Historique du Circuit de Trois-Rivières.

 

Aux Trois-Rivières comme à Monaco.

 

"Aux Trois-Rivières comme à Monaco". L'expression est désormais connue et ne surprend plus parce que le Grand Prix des Trois-Rivières, le seul du genre en Amérique, couru dans les rues d'une ville, appartient déjà à notre histoire du sport automobile. Une initiative du Club Autosport Mauricien, le doyen des clubs d'expression francaise au Québec.

 

Le CAM, comme on l'appelle familièrement, a toujours été reconnu pour ses flirts avec la représentation étrangère et personne ne trouve à redire que ses organisateurs Jean Ryan et Yves Dufour, se soient fortement inspirés de Monaco pour nous offrir chaque année un événement unique et riche en couleurs.

 

Si l'on remonte aux Maurice Dufresne, Jacques Héroux, Jean Pinard, Maurice Duplessis, Ken Sorensen, Karl Hinds, Lorne Germain, on s'apercoit que l'activité fébrile du CAM a sans cesse enrichi notre patrimoine de l'automobile. Dufresne fut l'un des premiers compétiteurs à St-Eugène au volant d'une Jaguar XK 150 et Héroux le premier à se promener en voiture sport dans la cité trifluvienne.

 

Puis, vinrent les Jean Ryan, Paul Charest, Alain Dargis, Maurice Fortin, Colin Westmore qui intensifièrent l'action du club. Ryan, un mordu du rallye "converti" à la course, ne manquait jamais d'inviter chez lui un compétiteur international de pasage au Québec.
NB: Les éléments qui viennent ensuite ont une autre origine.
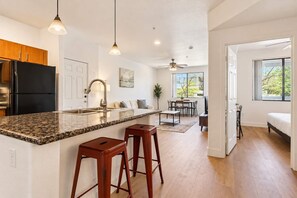 A modern kitchen with granite countertops, stainless steel appliances, and a bar stool. - CozySuites Glendale - Westgate w pool! 1BR 1BA (Glendale)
Nous retenons Olivier Gendebien et Jo Schlesser, quelques mois avant sa mort.

 

En 1967, Ryan, encouragé par la brasserie Labatt et l'agent local Guy Poirier, dévoilà son projet d'organiser des courses dans les rues de la ville en empruntant une bonne partie du parc de l'Exposition. sitôt dit, sitôt fait et, depuis, nous avons rendez-vous au "coeur du Québec", quand viens septembre (première course le 9-10 septembre 1967).

 

Cette activité donne lieu à de nombreuses réjouissances auxquelles prennent part régulièrement une dizaine de milliers de personnes.

 

Aux Trois-Rivières plus qu'ailleurs, une course demande une préparation de longue date et requiert des centaines et des centaines de bénévoles. Puisque le circuit n'y est pas installé en permanence. Mais le conseil de ville apporte généralement une contribution encourageate et indispensable.

 

Pour les coureurs, le GP des Trois-Rivières, demeure une épreuve difficile et hasardeuse. De nombreux accidents s'y sont produits et la nature du circuit (chaînes de trottoir, arcs avec pilliers de ciment, arbres et maisons ne pardonnent pas) ne qu'être améliorée d'une année à l'autre.

 

Forcément,  l'action n'y manque jamais.